The incidence of ovarian metastasis of AC lesion was significantly higher than that of SCC of pT2b lesion in this study. Similarly, Nakanishi et al (2001) reported that the incidences of metastasis of FIGO stages IB and IIB AC lesions were 4.0 (7 of 178) and 14.8% (4 of 27), respectively, whereas the incidences of FIGO stages IB and IIB SCC lesions were 0.5 (3 of 614) and 4.0% (7 of 175), respectively. When pathological parametrial invasion was present, the incidence increased from 3 to 25.6%. In their report, using a logistic analysis with clinicopathological variables revealed that the presence of pathological endometrial invasion, lymph node metastasis, and pathological parametrial invasion were the significant variables associated with ovarian metastasis of AC lesion. Ovarian preservation should not be recommended in cases of AC except for very early lesions.

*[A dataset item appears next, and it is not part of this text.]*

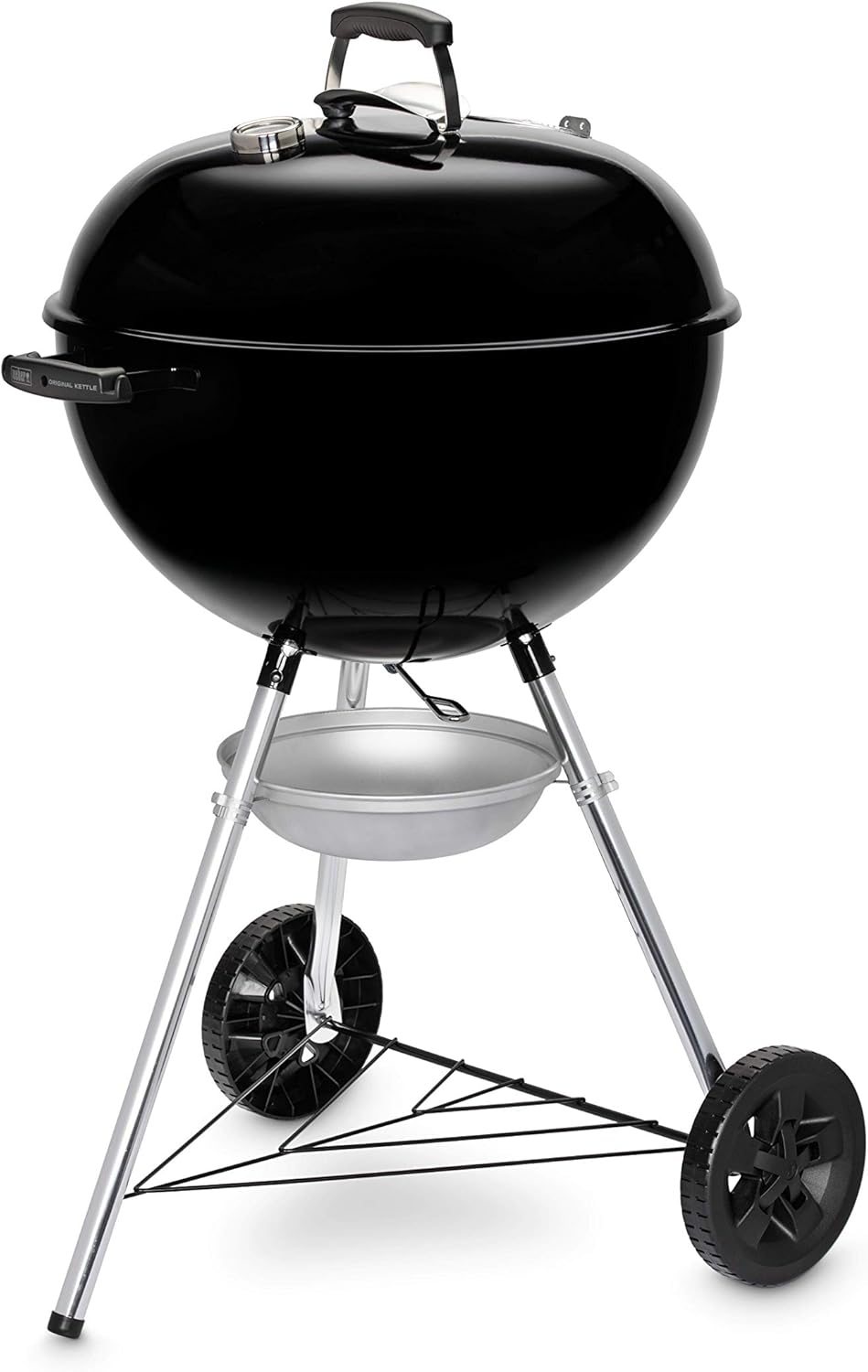 Barbacoa de carbón Weber Original Kettle E-5710 / Tapa y cuba de acero vitrificado, superficie de cocción de 57 cm, sistema de limpieza One-Touch, termómetro integrado en la tapa, trípode, negro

In this study, there were no significant differences in positive rates of pelvic lymph node between AC and SCC groups at any pathological stage. In the reported literature, no differences were found in positive lymph node rates of FIGO stage IB disease, and positive rates were approximately 5–15% (Look et al, 1996; Irie et al, 2000; Lee et al, 2006). Few reported literature have discussed lymph node status of advanced stage, that is, FIGO stage IIB. Irie et al (2000) reported a higher positive rate of lymph node in patients with AC than in those with SCC of FIGO stage II disease (57.1 vs 26.9%). This discrepancy is probably because of the number of patients, the difference in histological subtypes of AC, and/or the difference between clinical and pathological stages.

No differences were noted in initial failure sites among the patients in the two histological groups, which were classified into inside and outside the pelvis in this study. A similar finding was reported in a study by Grisaru et al (2001), in which 100 patients with FIGO stage IA–IB disease were treated in the same manner. Of the distribution of the distant metastatic sites, peritoneal spread was more frequent in AC (48 vs 2%) in our study. Drescher et al (1989) reported that disseminated peritoneal involvement was twice as frequent in patients with AC from 21 autopsy findings. Although the data are not yet sufficient, disseminated peritoneal spread might be a characteristic of AC of the uterine cervix.

In conclusion, number of positive nodes is a common independent prognostic factor for survival and relapse among the FIGO stage I–IIB patients with ordinary types of AC who underwent radical hysterectomy followed by adjuvant radiotherapy. Surgically treated patients with AC or SCC have a similar prognosis and spread pattern, but not the ovarian metastasis rate.